Cuando en “Los cubanos de Jamaica… “ Martí expresa que los rumores del gobierno español sobre tratos secretos de los revolucionarios cubanos con Haití buscaban que “los cubanos blancos crean que la revolución acarrearía el predominio violento de la raza negra; para que los cubanos negros, azuzados en la preocupación de raza, se divorcien de la revolución, que les quitó la cadena de los pies, que abrió su vida despreciada al mérito de los combates y a la autoridad de la gloria…” (103), se convierte él mismo en vocero de los cubanos de su raza. Hay que tener en cuenta que aunque esté interpretando las motivaciones de España, el discurso es todo suyo. Podía haberse limitado a lo del predominio de la raza negra – aunque esto no dejaba de ser racista – pero, como blanco al fin, solo podía ver ese predominio como violento. Pero algo se traba aquí.

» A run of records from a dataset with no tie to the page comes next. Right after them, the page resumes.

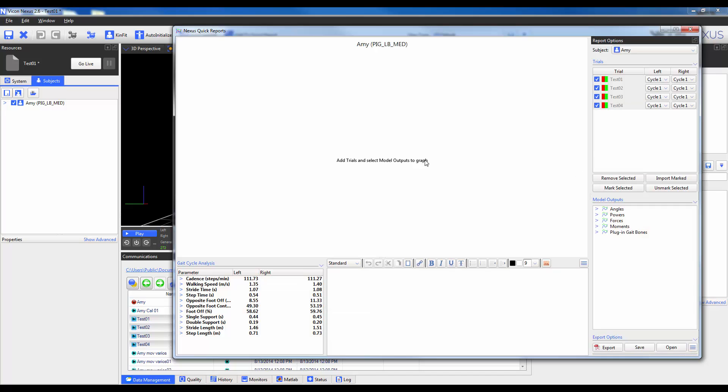Keep in mind that this method of marking nodes requires a C3D to be present. In all methods quick reports will be looking for model outputs to be calculated and/or events to be identified in order to contribute to the report.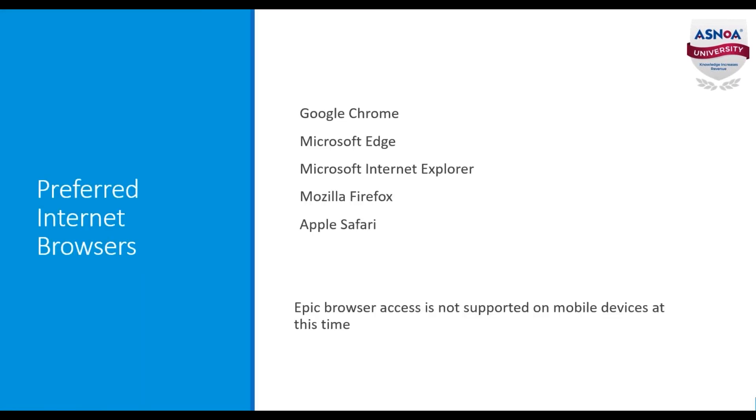The Epic Browser Access supports the most recent versions of the following browsers on Microsoft and Apple operating systems. This includes Google Chrome, Microsoft Edge, Microsoft Internet Explorer, Mozilla Firefox, and Apple Safari. You can access your client database through any of these sources when you use the Epic Browser Access.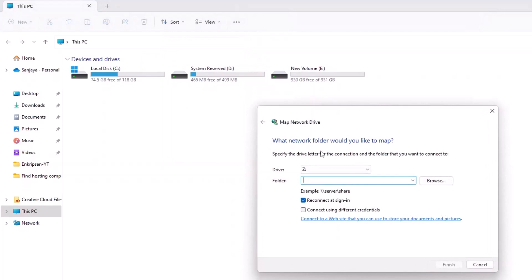In the Map Network Drive window, select a drive letter that you would like to use for the shared drive. This will be the letter that you will use to access the shared drive on your computer. In the folder field, enter the path to the shared drive.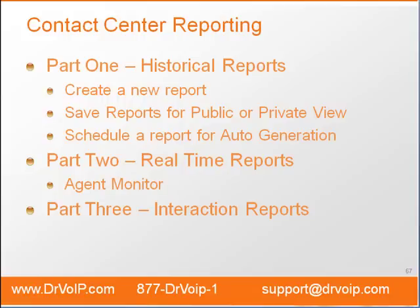And come see the entire video library at World Wide Web, Dr. Voip.com.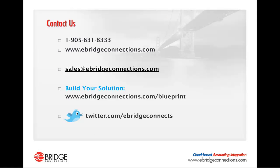If you would like more information on how the eBridge integration solution can integrate your back office systems with your eCommerce shopping cart, please feel free to reach out to us. You can call us at 1-905-631-8333, reach us on the web at eBridgeConnections.com, email us at sales at eBridgeConnections.com, follow us on Twitter at eBridgeConnects, or you can build your integration solution at eBridgeConnections.com slash blueprint.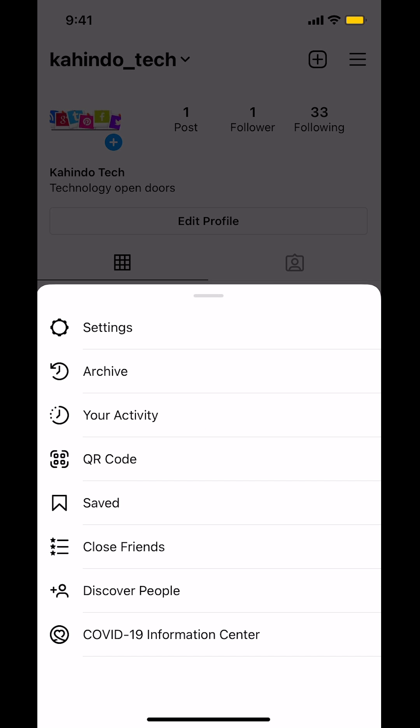When you tap on that, you're going to arrive on the next screen. Look on where it says Settings — you can see Settings right there. Just tap on Settings.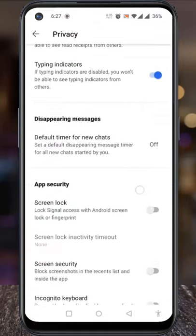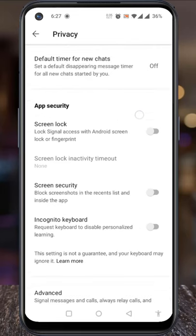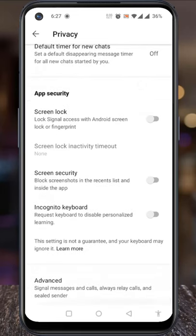Swipe up to go down. Under App Security, you will find Screen Security.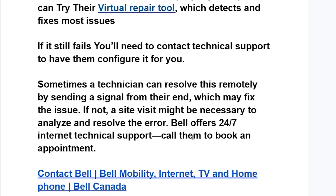For still-failing issues, you'll need to contact Bell technical support to have them configure it for you. Sometimes a technician can resolve this remotely by sending a signal from their end, which may fix the issue. If not, a site visit might be necessary to analyze and resolve the error.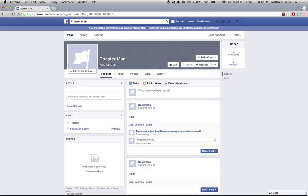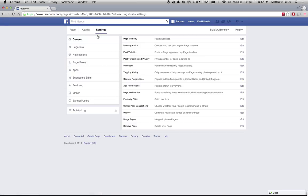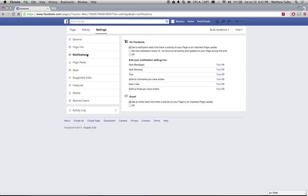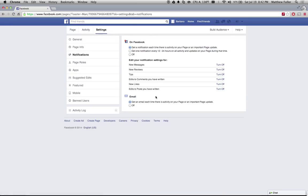So if you head over to your page — I have a fake page set up — but if you click on Settings at the top in the little menu bar, and then click on Notifications, you can control all the kinds of notifications that you get.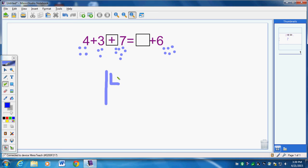14 on this side, so we'll need 14 on the other side. So we already have 6, so we're going to count on to get 14. 6, 7, 8, 9, 10, 11, 12, 13, 14. We count how many we have on this side.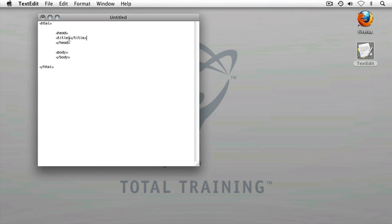Contained between these two tags, the closing title tag and the opening title tag, I will put the title which I wish to have displayed at the top of my web browser. In this case, I'll type the words, hello world.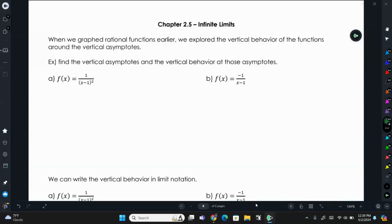In today's lesson, we're going to be talking about infinite limits. These are limits where the y value you approach is either going to be positive infinity or negative infinity, and that typically occurs around our vertical asymptotes. When we graphed rational functions months ago, we talked about vertical behavior.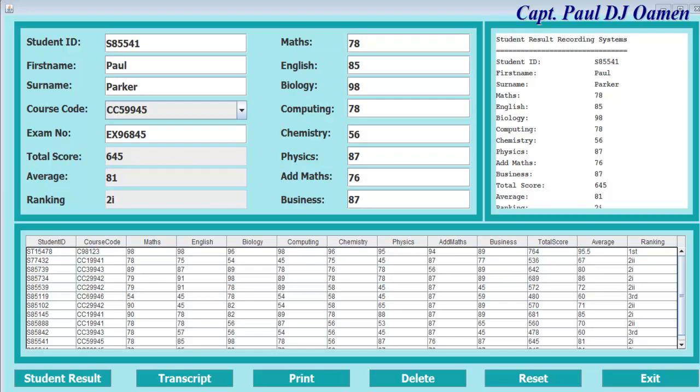Hi, this is an overview of a student result SQL database system developed in Java Eclipse. Now let me show you how it works.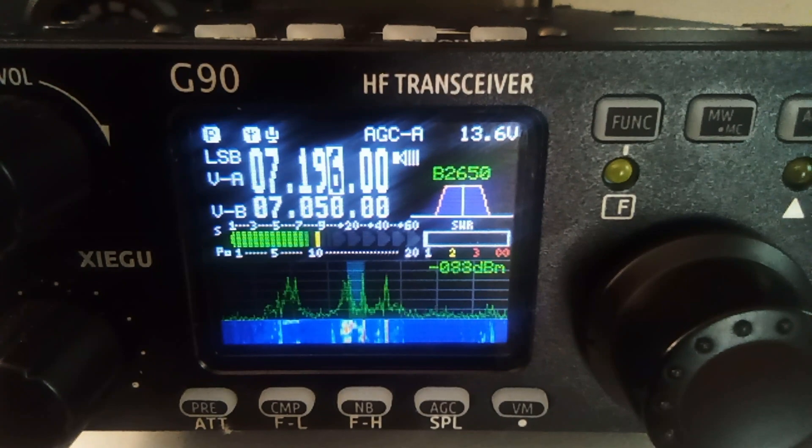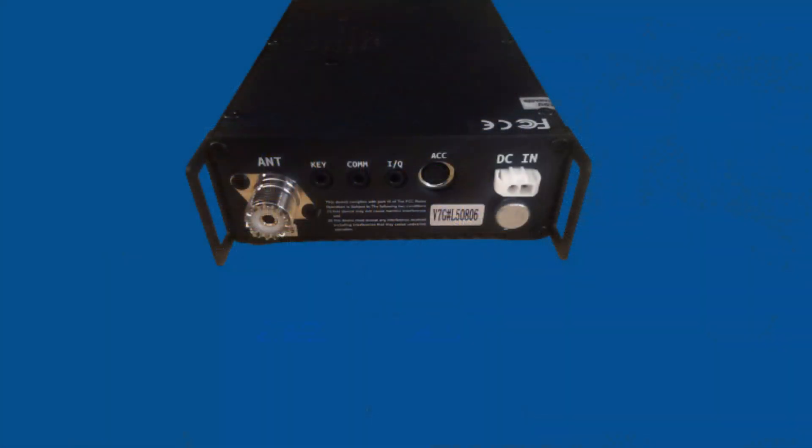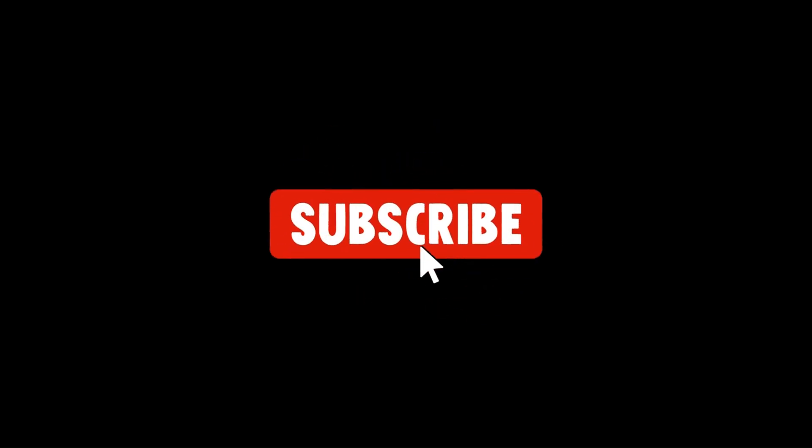Overall, the Zygu G90 is a powerful and feature-rich HF transceiver that is a good choice for both beginners and experienced hams. If you like this radio, the link will be in the description. Thanks for watching, and if you like this video, don't forget to subscribe and hit that notification icon.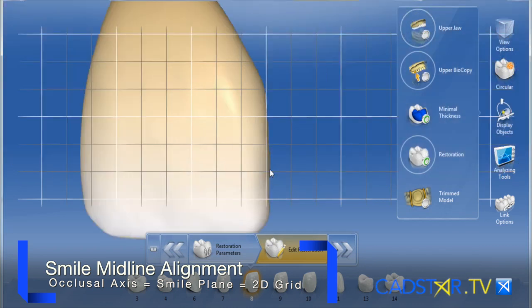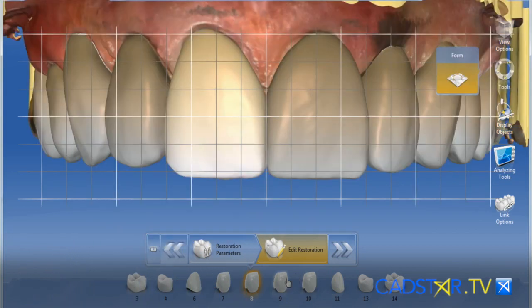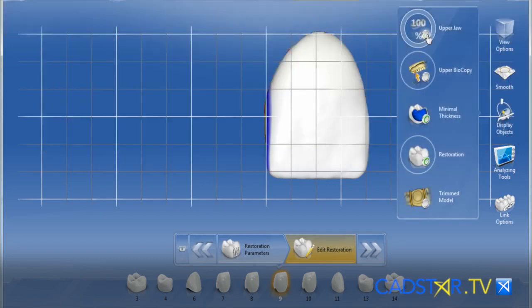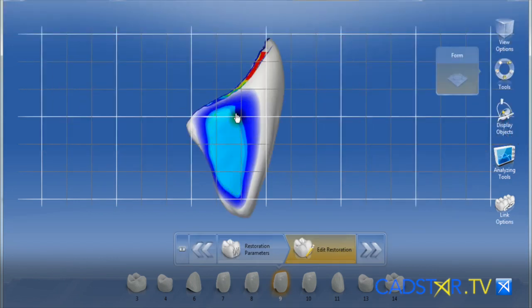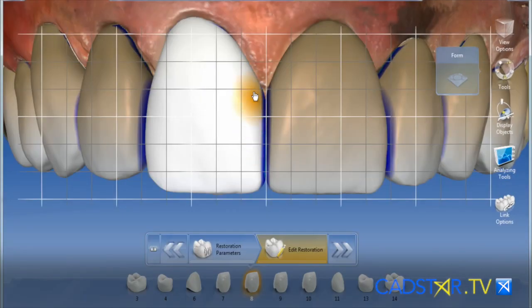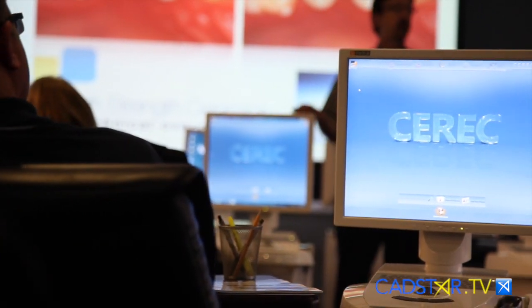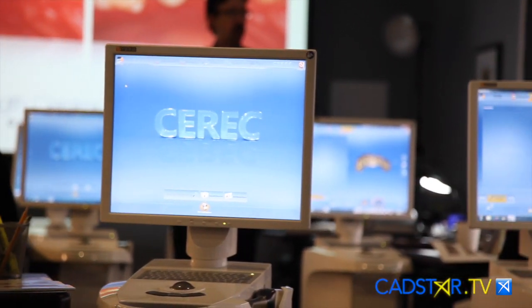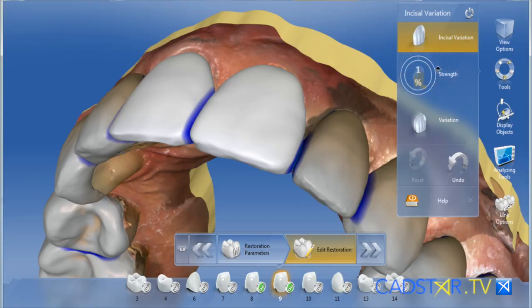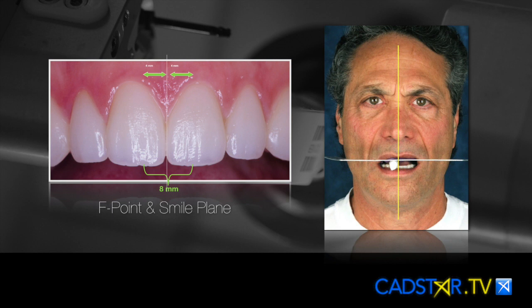I'll finish the one central first and finish that interproximal contact using the 2D grid. Then I'll build the adjacent central midline to that plumb line of the first tooth I designed. Using that approach — placing the contact in the proper location and creating that interproximal footprint — and we go over that in my mastering aesthetic class. Now that we have incisal variation and setting your midline up, if you follow the rules, and they're easy rules to follow, you'll really be able to master that.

Los blancos que temerían la violencia negra; sin embargo, el único problema que presentan los negros – obviamente también amenazados por los blancos – no es el temor al predominio violento de éstos, sino el deseo de divorciarse de la revolución. Así, el verdadero miedo es el de Martí, quien se encontraría sin suficientes brazos; braceros, para ser más exactos, para hacer la revolución. Uno puede ver que incluso a los ojos de Martí la “preocupación” de los negros no parece ser legítima; y sobre todo no parece venir de ellos. Se trata de una preocupación azuzada, pero ¿por quién o quiénes? Todavía, no obstante, lo decisivo sigue siendo que, explícitamente, para Martí el miedo de los cubanos blancos a posibles tratos de los revolucionarios cubanos con Haití significara “el predominio violento de la raza negra” (103); o más exactamente, la creación de otro Haití, de una república negra. El propósito del artículo de Martí es persuadir a los cubanos blancos de que Cuba no será otro Haití. Bastaba con invocar el predominio de los negros para que se justificara el miedo de esos blancos, sobre todo porque ese predominio, en la mente racista, no podía ser sino violento. Ese era el derecho del blanco; tan es así que Martí no se siente compelido a invocar aquí el predominio violento de la raza blanca. El peligro reside en la (re)producción desmesurada de los negros, hasta el punto de hacerse de la isla, africanizarla, haitianizarla. O lo que es lo mismo, desequilibrar su blancura, desleírla en un peligroso antillanismo.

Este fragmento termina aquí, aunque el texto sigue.